Luton Henge Festival last month (29 July 2025) marked the opening of Luton Henge, a landscaped space marked by a circle of eight chalk stones that will serve as an outdoor venue for social and cultural events. The festival included music and dance, with Laura Misch playing her saxophone in the sunset. While I was there Bird Rave were doing their thing, dancing in feathered headdresses to classic rave tunes like 'Voodoo Ray' in bird inspired moves that they call 'dancefloor ornithology'. Anyway it was great fun.
Capoeira display |
The location by Marsh House at the Leagrave end of town is significant, located as it is near to the source of the River Lea and the ancient earthwork of Waulud's Bank. It is also a place linked to Luton's subcultural history. The green barn just about still stands where Crass, Poison Girls and Luton punk band UK Decay played in 1979, and where people also put on jazz funk dances in that period (as recalled by Fahim Qureshi, see below).
I missed Crass, but it was here around the same time that I saw my first punk gig. From 1977 to at least 1984 there was an annual late summer one day Marsh House Festival. 16 year old me cycled over in 1979 and saw UK Decay and Pneu Mania, as well as 'Stevie's band', a scratch band made up of members of both bands who did a version of YMCA. Also on the bill were local rock band Toad the Wet Sprocket, Arcadaz (jazz band), and acoustic singers Clive Pig and Heinrich Steiner.
I know I was there in 1983 with The Pits, Click Click (post punk electronica) and Passchendale, kind of Houghton Regis Killing Joke. In the following year my friends Luton anarcho-punk band Karma Sutra played along with their St Albans counterpart Black Mass, Harlow punk leftists the Newtown Neurotics, Snatch and Nick the Poet. It poured with rain towards the end and loads of us got up on the stage for shelter and joined in singing with Attila the Stockbroker.
In the 1990s, Luton free party collective Exodus started off nearby on Marsh Farm Estate.
But for me, this was primarily a place where I went to summer holiday open access playschemes as a kid, charging around the ramshackle adventure playground (getting temporarily banned for stone throwing), bouncing on inflatables and playing softball by the river. I now know that some of the people who ran those playschemes were part of the local radical/alternative art scene some of whom had previously been involved with Luton Arts Lab and Reflex collective and went on to the 33 arts centre which gave me a later education in experimental film and theatre but that's another story.

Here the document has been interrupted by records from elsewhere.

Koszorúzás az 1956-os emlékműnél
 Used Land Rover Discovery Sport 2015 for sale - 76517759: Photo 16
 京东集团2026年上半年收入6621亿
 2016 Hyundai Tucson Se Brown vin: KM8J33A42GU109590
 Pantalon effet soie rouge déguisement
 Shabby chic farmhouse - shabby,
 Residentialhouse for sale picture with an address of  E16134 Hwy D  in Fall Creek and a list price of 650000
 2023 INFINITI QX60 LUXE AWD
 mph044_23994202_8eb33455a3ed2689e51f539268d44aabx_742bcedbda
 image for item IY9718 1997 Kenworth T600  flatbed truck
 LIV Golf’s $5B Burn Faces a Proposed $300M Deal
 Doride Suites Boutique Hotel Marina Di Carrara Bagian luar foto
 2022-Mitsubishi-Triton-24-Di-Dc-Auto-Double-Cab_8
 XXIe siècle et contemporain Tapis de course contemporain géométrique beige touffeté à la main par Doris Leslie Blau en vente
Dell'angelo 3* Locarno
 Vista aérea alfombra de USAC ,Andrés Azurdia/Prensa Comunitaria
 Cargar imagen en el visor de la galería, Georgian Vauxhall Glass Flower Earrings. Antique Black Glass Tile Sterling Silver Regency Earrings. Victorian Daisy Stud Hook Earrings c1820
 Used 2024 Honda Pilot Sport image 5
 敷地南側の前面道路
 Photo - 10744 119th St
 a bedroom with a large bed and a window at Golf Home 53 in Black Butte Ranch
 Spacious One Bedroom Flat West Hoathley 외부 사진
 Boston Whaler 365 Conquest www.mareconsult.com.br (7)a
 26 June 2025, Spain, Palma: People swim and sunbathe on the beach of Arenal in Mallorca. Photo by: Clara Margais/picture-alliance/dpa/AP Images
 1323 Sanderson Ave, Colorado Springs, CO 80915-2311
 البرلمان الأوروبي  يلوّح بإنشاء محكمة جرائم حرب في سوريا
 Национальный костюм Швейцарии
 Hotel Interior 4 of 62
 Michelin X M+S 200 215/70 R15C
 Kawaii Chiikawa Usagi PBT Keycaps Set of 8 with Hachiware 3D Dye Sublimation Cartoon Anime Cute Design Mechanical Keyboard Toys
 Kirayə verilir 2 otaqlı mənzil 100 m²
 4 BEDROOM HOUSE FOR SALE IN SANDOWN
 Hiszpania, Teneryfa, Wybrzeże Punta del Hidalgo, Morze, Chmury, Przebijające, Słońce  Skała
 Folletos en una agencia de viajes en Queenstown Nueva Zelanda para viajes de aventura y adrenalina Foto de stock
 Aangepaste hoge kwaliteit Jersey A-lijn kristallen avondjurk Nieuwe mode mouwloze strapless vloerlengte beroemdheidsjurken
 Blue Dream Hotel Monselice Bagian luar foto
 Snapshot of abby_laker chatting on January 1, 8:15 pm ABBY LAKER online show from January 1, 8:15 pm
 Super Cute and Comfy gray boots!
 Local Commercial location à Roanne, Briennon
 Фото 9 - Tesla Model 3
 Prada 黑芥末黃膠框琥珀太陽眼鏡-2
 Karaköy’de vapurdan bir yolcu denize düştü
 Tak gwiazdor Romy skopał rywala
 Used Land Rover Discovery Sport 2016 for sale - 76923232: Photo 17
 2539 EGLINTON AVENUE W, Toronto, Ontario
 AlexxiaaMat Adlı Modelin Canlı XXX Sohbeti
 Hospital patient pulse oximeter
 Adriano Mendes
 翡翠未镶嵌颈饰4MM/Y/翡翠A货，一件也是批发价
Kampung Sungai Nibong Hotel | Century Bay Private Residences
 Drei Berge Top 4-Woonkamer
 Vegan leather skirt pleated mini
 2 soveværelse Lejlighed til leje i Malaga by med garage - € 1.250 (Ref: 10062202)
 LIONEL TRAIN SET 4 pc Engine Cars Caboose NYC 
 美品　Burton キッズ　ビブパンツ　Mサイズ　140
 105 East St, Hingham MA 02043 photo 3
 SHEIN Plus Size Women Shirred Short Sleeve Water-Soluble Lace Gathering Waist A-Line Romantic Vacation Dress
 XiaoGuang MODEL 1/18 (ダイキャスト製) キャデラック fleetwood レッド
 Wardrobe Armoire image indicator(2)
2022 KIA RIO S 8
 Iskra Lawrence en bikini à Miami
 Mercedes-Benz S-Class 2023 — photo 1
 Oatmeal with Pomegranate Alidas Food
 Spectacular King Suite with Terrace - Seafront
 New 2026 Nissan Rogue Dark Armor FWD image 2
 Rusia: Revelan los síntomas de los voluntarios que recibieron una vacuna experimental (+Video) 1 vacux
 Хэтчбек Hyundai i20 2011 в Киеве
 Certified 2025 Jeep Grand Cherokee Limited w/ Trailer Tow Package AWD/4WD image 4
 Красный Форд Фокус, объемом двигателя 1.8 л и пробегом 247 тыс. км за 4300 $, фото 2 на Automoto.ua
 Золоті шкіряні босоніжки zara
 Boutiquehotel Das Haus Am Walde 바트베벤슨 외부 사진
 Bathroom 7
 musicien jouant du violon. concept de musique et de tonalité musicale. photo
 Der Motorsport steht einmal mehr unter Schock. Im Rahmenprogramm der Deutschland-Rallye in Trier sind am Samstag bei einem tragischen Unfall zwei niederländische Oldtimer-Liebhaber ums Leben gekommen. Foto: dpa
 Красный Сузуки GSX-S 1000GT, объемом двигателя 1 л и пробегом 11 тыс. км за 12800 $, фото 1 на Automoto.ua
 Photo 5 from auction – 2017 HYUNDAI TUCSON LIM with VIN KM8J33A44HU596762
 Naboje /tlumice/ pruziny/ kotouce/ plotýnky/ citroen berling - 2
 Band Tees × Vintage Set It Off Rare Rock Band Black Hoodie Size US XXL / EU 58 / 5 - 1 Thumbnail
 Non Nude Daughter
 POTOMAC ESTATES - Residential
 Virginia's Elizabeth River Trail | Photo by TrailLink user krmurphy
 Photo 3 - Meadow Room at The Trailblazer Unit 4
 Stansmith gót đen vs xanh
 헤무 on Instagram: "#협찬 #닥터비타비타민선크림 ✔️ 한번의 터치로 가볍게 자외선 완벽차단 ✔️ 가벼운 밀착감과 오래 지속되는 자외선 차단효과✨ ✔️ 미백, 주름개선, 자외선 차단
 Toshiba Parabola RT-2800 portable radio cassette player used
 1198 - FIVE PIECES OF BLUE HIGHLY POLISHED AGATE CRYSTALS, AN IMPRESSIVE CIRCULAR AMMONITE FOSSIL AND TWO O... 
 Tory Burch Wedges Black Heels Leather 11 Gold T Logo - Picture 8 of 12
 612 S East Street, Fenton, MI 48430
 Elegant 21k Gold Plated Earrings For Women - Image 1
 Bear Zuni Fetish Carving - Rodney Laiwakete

Revoluton Arts who put on the Henge festival are a descendent of these multi-faceted efforts to make things happen in my home town. They have done some interesting interviews with people involved in some of these past projects, interesting to hear Fahim Qureshi (who I remember from the anti-racist movement of that time) and Linda ‘Muddie’ Farrell (who worked on playschemes and helped set up 33) talk about the River Lea and its wildlife. Guess I followed that river down to London but never stop Luton.
Bird Rave |
As for the stone circle, I used to be cynical about contemporary efforts to recreate ancient monuments but I have seen the Brockley stone circle near where I live now become a focus in the south london park where it dates back to 2000. At the end of the day the combination of stone, sky and people is as real today as it ever was. Build it they will come.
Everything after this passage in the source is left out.